Of the two books Kalyanikutty Amma has authored, "Mohiniyattam - History and Dance Structure" is considered as an elaborate and only authentic documentation on Mohiniyattam. Noted among her disciples are her daughters Sreedevi Rajan, Kala Vijayan, Mrinalini Sarabhai, Deepti Omchery Bhalla and Smitha Rajan.

A winner of both the Kerala Sangeetha Nataka Akademi Award (1974), and the Kendra Sangeet Natak Akademi Award, Kalyanikutty Amma has also been honoured with the prestigious Kalidasa Samman in 1997–1998. She died on 12 May 1999 in Tripunithura (where the couple had settled) at the age of 84. Her son Kalasala Babu was a cinema and television actor, while her granddaughter Smitha Rajan is a noted Mohiniyattam artiste.
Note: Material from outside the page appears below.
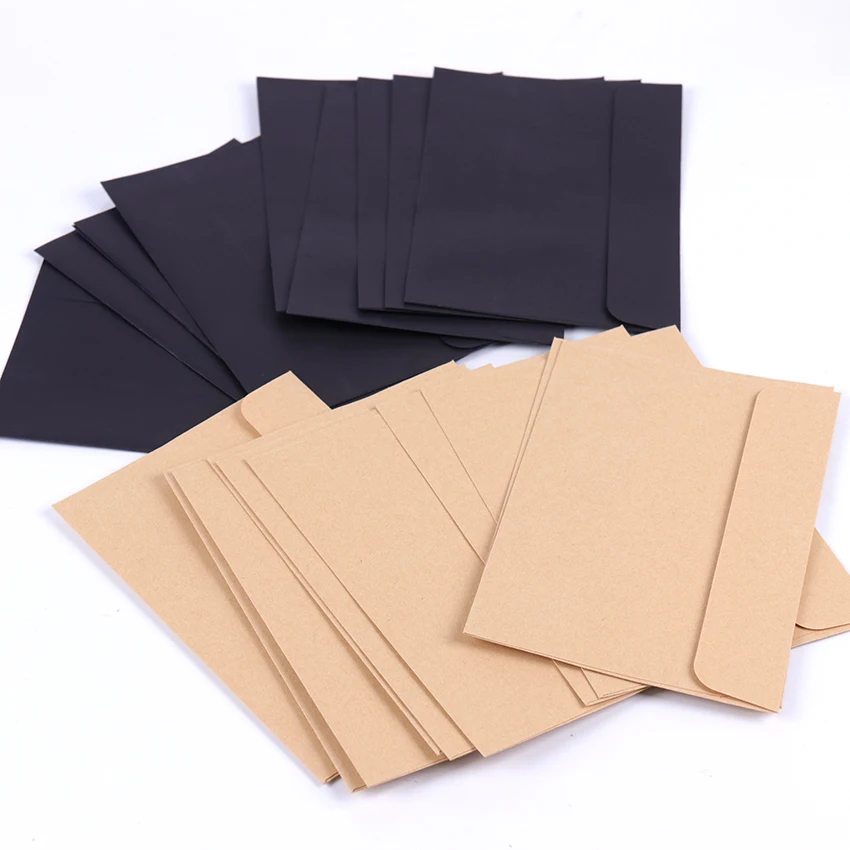 5pcs Retro Kraft Paper Envelopes with Button Vintage European Style Envelope  For Card Scrapbooking Gift School office supplies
She got 'Kavayithri' award from the famous poet Vallathol Narayana Menon. In 1986 she got Kerala Kalamandala Fellowship. In 1992, she received the Kerala Sangeetha Nataka Akademi Fellowship.

In 2019 her grand daughter, Smitha Rajan produced a movie, "Mother of Mohiniyattam" on the life and works of Kalyanikutty Amma which is directed by Dr. Vinod Mankara.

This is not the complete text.